WASHINGTON — Japanese scientists found a simple way that can separate sperm bearing X-chromosome from those bearing Y-chromosome in mice, making choosing the sex of animals a step closer.
The study published on Tuesday in the journal PLOS Biology showed that a kind of chemical could make X-bearing sperm slow-swimmers without affecting their fertilization ability, thus screening them from the Y-bearing ones.
Most cells from male mammals contain both an X and a Y chromosome, but during sperm development, the X and Y chromosomes are segregated into different cells so that an individual sperm will carry either one or the other, with an X chromosome giving rise to daughters and a Y chromosome to sons.
The researchers from Hiroshima University found that the X chromosome carries much more genes than the Y chromosome and some of those genes remain active in the maturing sperm.
Among the 500 genes active only in X-bearing sperm, 18 genes are tasked with encoding receptors, which can be potentially used to manipulate the sperm, according to the study.
The researchers focused on a pair of receptors called Toll-like receptor 7 and 8 and found that a chemical that bound to those receptors could slow down X-bearing sperm motility without impairing the fertilization ability and viability. Also, this effect can be reversed by removing the chemical.

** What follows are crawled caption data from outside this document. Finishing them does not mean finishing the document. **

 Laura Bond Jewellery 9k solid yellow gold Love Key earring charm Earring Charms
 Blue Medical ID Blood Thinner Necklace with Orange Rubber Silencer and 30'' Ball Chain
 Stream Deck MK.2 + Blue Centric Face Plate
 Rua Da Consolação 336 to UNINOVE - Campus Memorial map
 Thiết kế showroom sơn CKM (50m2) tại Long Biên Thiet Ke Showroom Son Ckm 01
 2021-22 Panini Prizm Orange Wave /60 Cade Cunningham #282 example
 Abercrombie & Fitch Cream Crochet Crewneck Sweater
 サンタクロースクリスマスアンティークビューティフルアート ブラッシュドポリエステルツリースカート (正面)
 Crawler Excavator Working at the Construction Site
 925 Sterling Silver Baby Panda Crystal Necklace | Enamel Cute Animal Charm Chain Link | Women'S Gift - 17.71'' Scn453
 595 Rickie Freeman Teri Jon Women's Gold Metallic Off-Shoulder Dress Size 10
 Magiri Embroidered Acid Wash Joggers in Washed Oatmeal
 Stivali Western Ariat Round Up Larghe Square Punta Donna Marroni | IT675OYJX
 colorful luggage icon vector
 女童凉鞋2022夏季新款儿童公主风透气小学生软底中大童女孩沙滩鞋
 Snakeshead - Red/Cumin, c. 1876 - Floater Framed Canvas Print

Treatment of mouse sperm with the X-retarding chemical, followed by in vitro fertilization with the fastest swimmers, led to litters that were 90 percent male. When the slower swimmers were used instead, the litters were 81 percent female.
The technique simplifies sex selection for either in vitro fertilization or artificial insemination. However, The paper’s corresponding author Masayuki Shimada with Hiroshima University admitted that use of this method in human reproductive technology is speculative at the moment, and involves significant ethical issues unaffected by the utility of this new technique.